An automated processing tool for the annual performance evaluation of an MRI scanner.
Nkongchu K. An automated processing tool for the annual performance evaluation of an MRI scanner. Med Phys 2017; 44(6):3081.
Purpose: To implement an automated QC software to evaluate MRI scanner performance via ACR MRI phantom images, B0 homogeneity and its RF coils performances while cutting down on processing time. Methods: This implementation was broken up into 3 sections: (i) ACR phantom, (ii) RF coils, and (iii) B0 inhomogeneity assessments. Implementation of (i), (ii) & (iii) was done in Matlab via functions which aided in object detection/segmentation of the various inserts in the MRI phantom, and segmentation of image background or objects for noise estimation via the Rayleigh or Rice distribution. The B0 homogeneity estimation, was implemented using the phase difference, phase map and the bandwidth methods. The importation of DICOM images is done via a GUI script which accesses the database of the freeware version of KPacs. Results: The completed GUI has tools for the displaying & QCing of the results, allowing the user to detect any faulty measurements which could arise from artifacts.

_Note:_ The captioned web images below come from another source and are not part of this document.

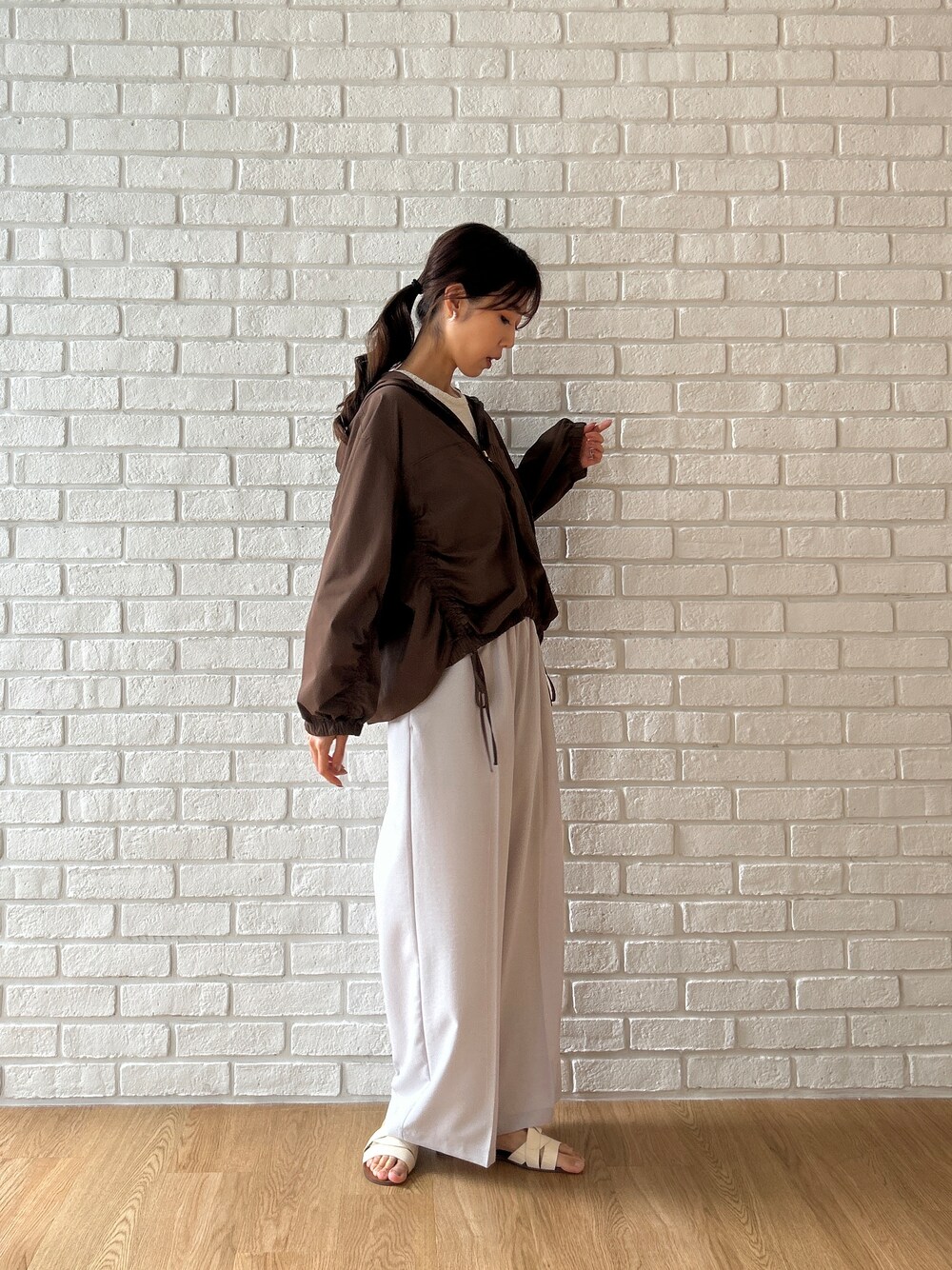 ブラウン系のブルゾン、ベージュ系のタンクトップ、グレー系のその他パンツを着用したレディースの夏コーディネートの4枚目の写真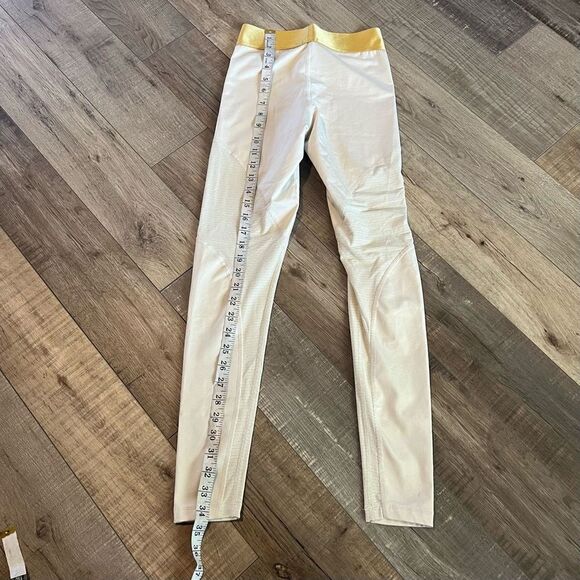 Nike Women's Pro Warm
7/8 Training Tights (Light
Cream/Gold small - Picture 4 of 11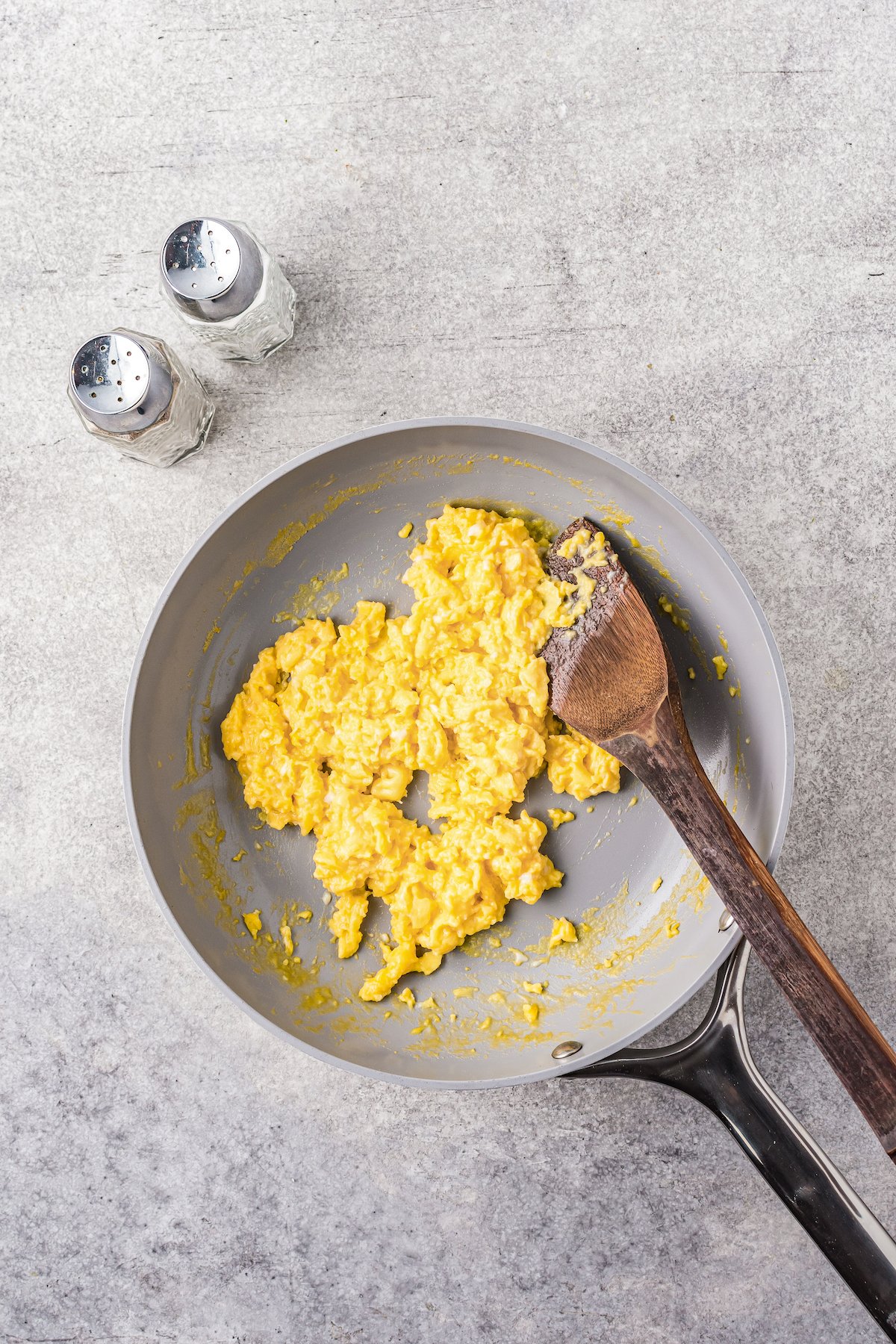 A wooden spatula is used to scramble eggs in a skillet as they cook.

Some of these tools are: visualization of ROIs locations on images for evaluation of the RF coils, QCing of the estimated noise via the histogram plots and/or fits for noise estimation using either the Rayleigh or Rice distribution. Verification of automated results via comparison to the manual processing were in good agreement. The verification of the accuracy of the ROIs positions were done by manual windowing of the images which were visually in good agreement. The GUI/ software has been tested with DICOM data from scanners manufactured by SIEMENS, Philips, GE and Hitachi. Also included are tools which also allow for manual processing of the data. The processing time for a given scanner is about 90 s. Conclusion: This GUI/software does facilitate evaluation of MRI scanner performance using DICOM images by significantly cutting down on the processing time while aiming to maintain consistency in the QC process.